Water shortages could knock as much as six per cent off the size of the world’s largest economies over the next three decades, the World Bank has said in a new report published today.
An area that includes more than four billion people, covering China, India, the middle east and sub-Saharan Africa, will suffer shrinking economic growth due to water scarcity caused by climate change, if countries do not change their policies, the organisation warned.
As “water supply becomes more erratic and uncertain” at the same time as populations grow and middle classes swell, putting pressure on demand, the problems could even spur mass migration and “spark conflict” across some of the most fragile regions on the planet.
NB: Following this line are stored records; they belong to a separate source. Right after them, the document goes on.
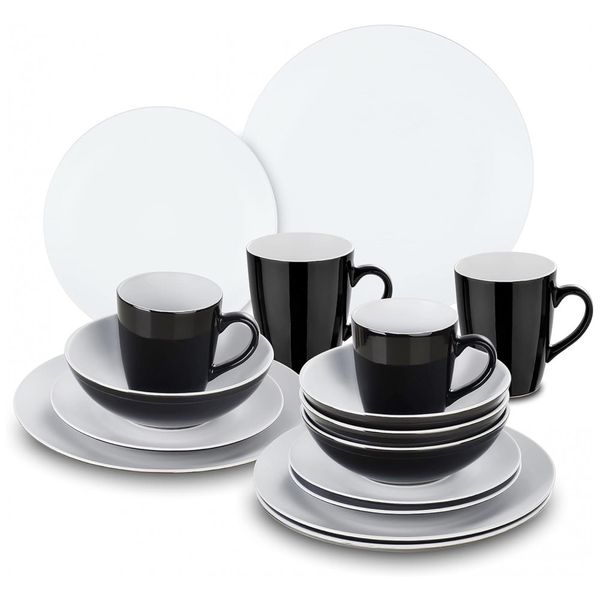 Aparelho-de-Jantar-com-16-Pecas-em-Ceramica-Incluindo-Pratos-foto-0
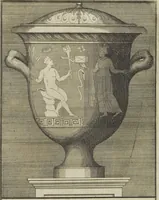An illustration from Le pitture antiche delle grotte di Roma, e del sepolcro de' Nasonj: disegnate, & intagliate alla similitudine degli antichi originali (1706)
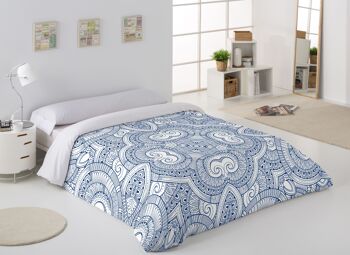 HOUSSE DE COUETTE FREYA - 140X200 CM - IMPRESSION NUMÉRIQUE - 100% COTON - 144 FILS 2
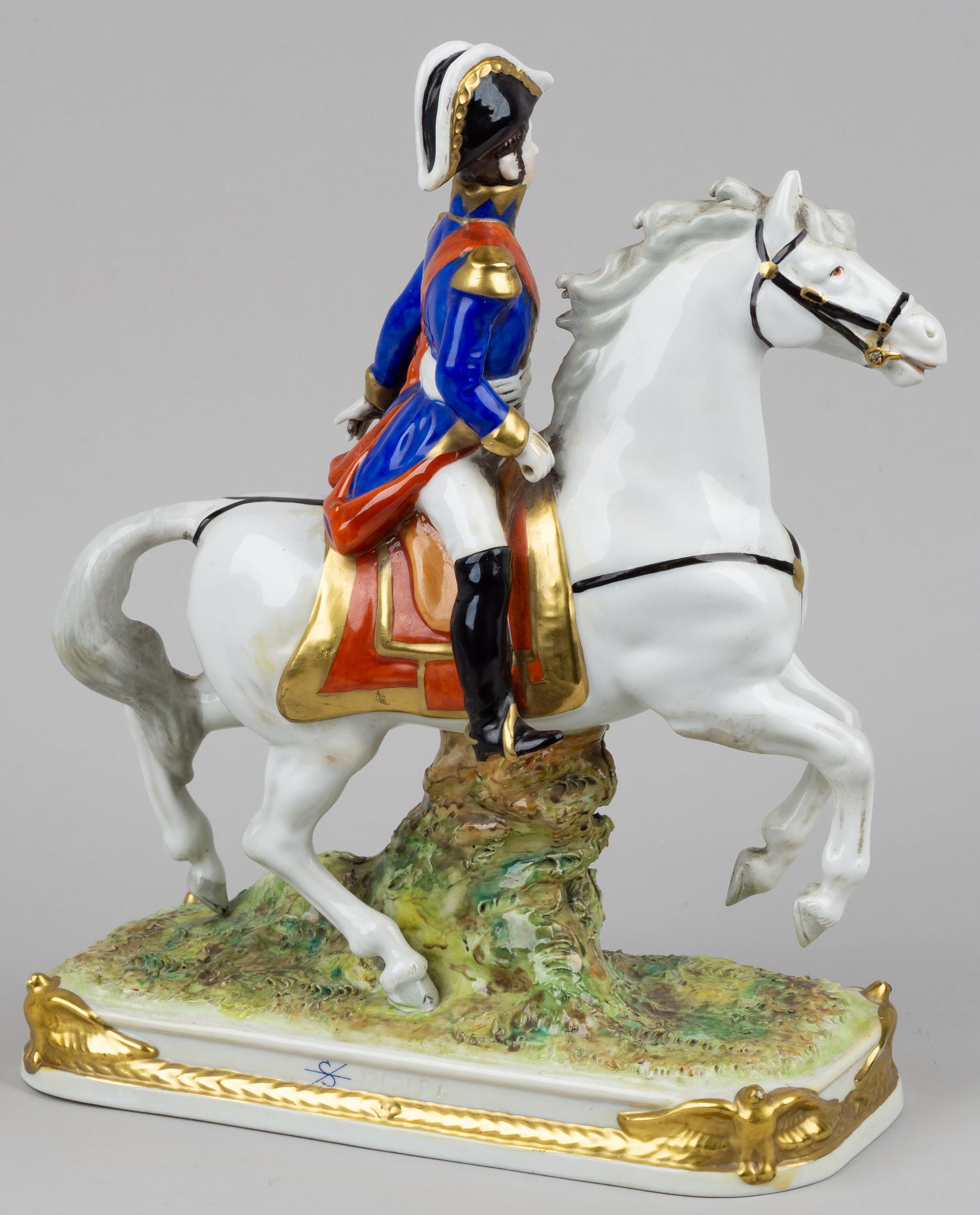 Скульптура «Анри Бертран, генерал-адъютант Наполеона», из серии «Маршалы армии Наполеона».<br>Германия, мануфактура Scheibe-Alsbach, 1960-е годы.
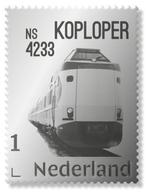 NS 4233 Koploper zilveren postzegel, Verzenden, Na 1940, Postfris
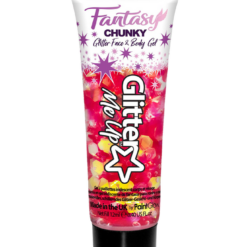 PaintGlow Red Iridescent Chunky Glitter Gel Aliens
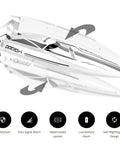 Massive 25 Inch RC Boat With Brushless Water Cooled Motor Reaches 30 MPH, 2.4GHz Remote Control For Adults, side view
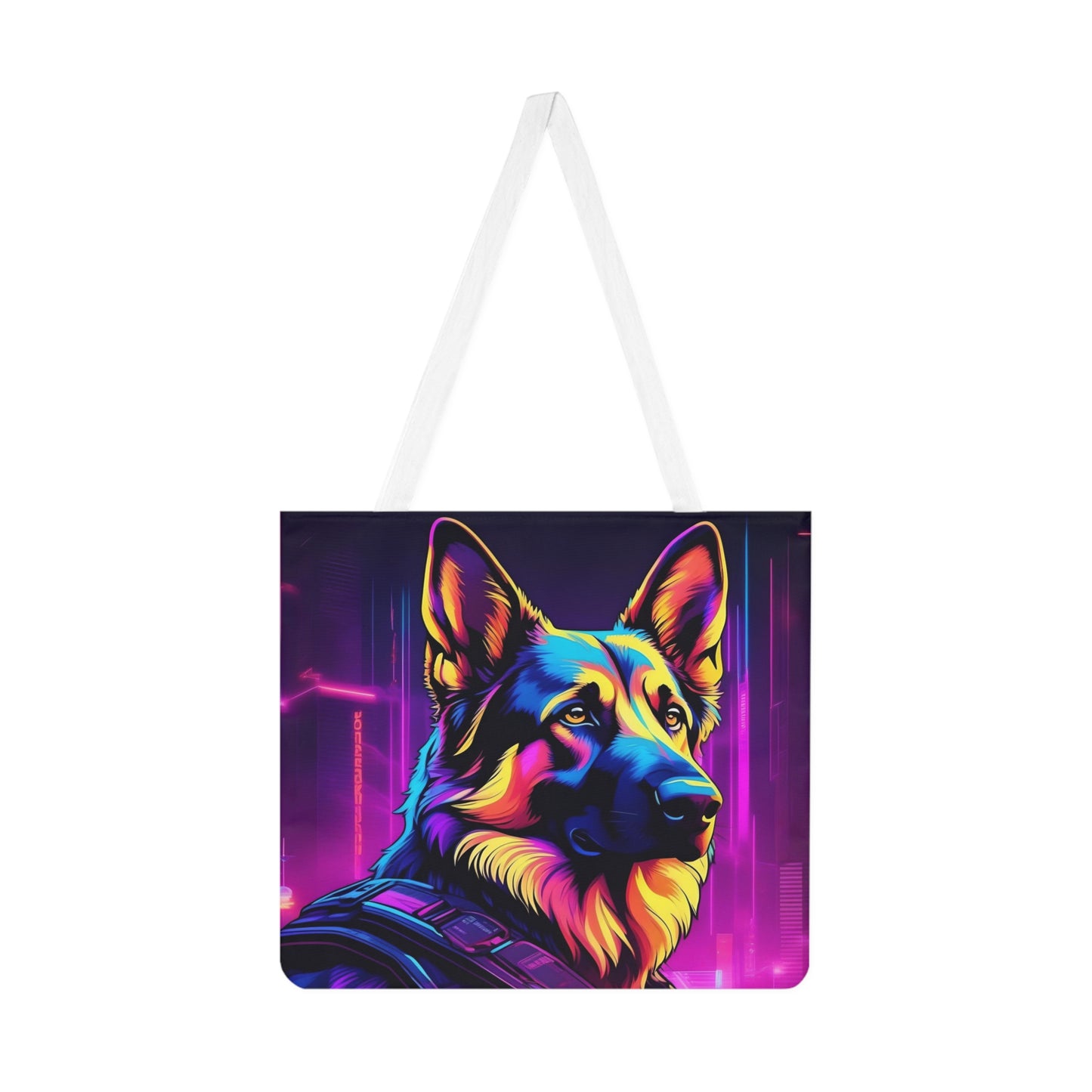 Neon Punk German Shepherd | Tote Bag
“Water scarcity is a major threat to economic growth and stability around the world, and climate change is making the problem worse,” said Jim Yong Kim, president of the World Bank.
“Economic growth is a surprisingly thirsty business,” the report found.
“Water is a vital factor of production, so diminishing water supplies can translate into slower growth that cloud economic prospects.
“Some regions could see their growth rates decline by as much as six per cent of GDP by 2050 as a result of water-related losses in agriculture, health, income, and property — sending them into sustained and negative growth.”
China and India can both escape that fate – and even boost growth – if they expand supply and allocate water to “high-value uses”, the World Bank said.
For the middle east – including Saudi Arabia, Iran, Iraq and the gulf nations – along with the northern strip of Africa covering Egypt, Libya and Algeria, however, even targeted policies will not be enough to offset the economic damage scarcity of supply will inflict over the next three decades, the World Bank predicted.